Oak Ridge: The Frontier of Supercomputing

11 comments

Some of the cabinets for the Jaguar supercomputer at Oak Ridge National Laboratory, currently the sixth-fastest machine in the world. An upgrade is underway that will transform Jaguar into the 20-petaflop Titan. (Photo: Rich Miller)

OAK RIDGE, Tenn. – At first glance, the data hall within Oak Ridge National Laboratory resembles many raised floor environments. But a stroll past the dozens of storage cabinets reveals three of the world’s most powerful supercomputers, including a machine that looms as the once and future king of the supercomputing realm.

The Oak Ridge Leadership Computing Facility (OLCF) is on the frontier of supercomputing, forging a path toward “exascale” computing. The data center features an unusual concentration of computing horsepower, focusing 18 megawatts of electric capacity on a 20,000 square foot raised-floor area. “The power demands are about what you would see for a small town,” says Rick Griffin, Senior Electrical Engineer at Oak Ridge National Laboratory (ORNL).

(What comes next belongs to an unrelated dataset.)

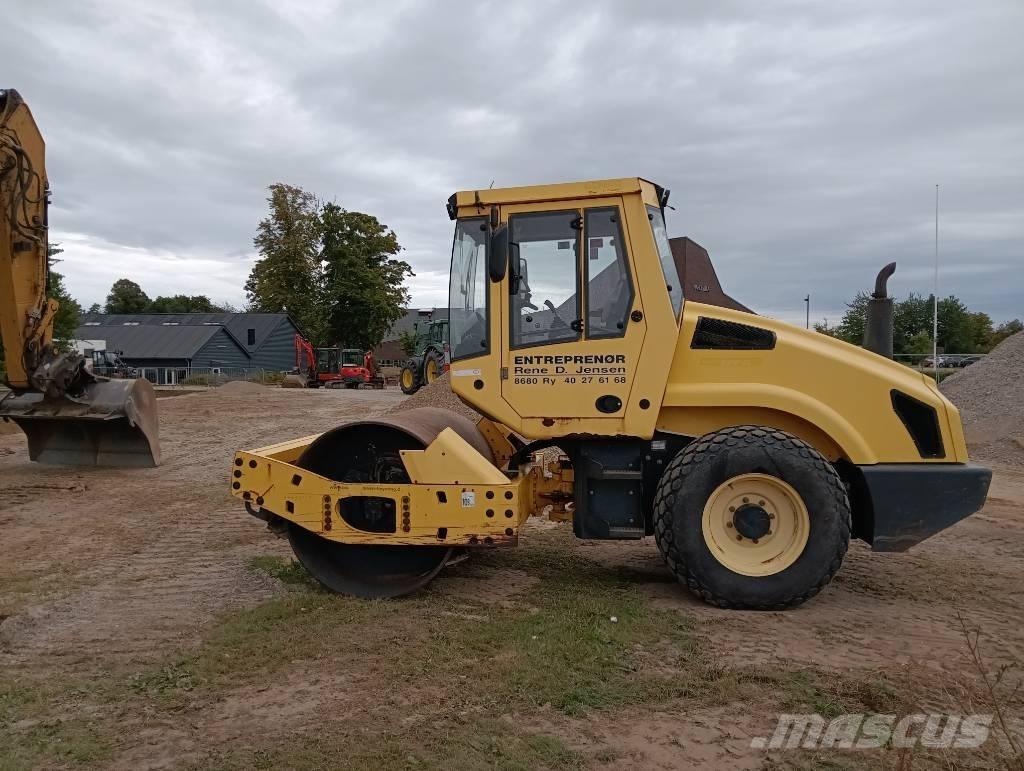 Bomag 177 D4 Walzenzüge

That power sustains three Cray systems that rank among the top supercomputers in the latest Top 500 list: NOAA’s Gaea (33rd), the University of Tennessee’s Kraken system (21st) and ORNL’s Jaguar, which is currently ranked sixth at 2.37 petaflops, but topped the list when it made its debut in November, 2009. (See our photo feature, Inside the Oak Ridge Supercomputing Facility, for more).

Jaguar is currently undergoing a metamorphosis into Titan, an upgraded Cray XE6 system. When it goes live late this year, Titan will be capable of a peak performance of up to 20 petaflops – or 20 million billion calculations per second. Titan will be accelerated by a hybrid computing architecture teaming traditional central processing units (CPUs) from AMD with the latest high-speed graphics processing units (GPUs) from NVIDIA to create a faster and more efficient machine.

The Road to Exascale

At 20 petaflops, Titan would be significantly more powerful than the current Top 500 champ, the Sequoia supercomputer at Lawrence Livermore National Labs, which clocks in at 16.3 petaflops. The data center team at Oak Ridge expects that Titan will debut as the fastest machine within the Department of Energy, which operates the most powerful research supercomputers in the U.S.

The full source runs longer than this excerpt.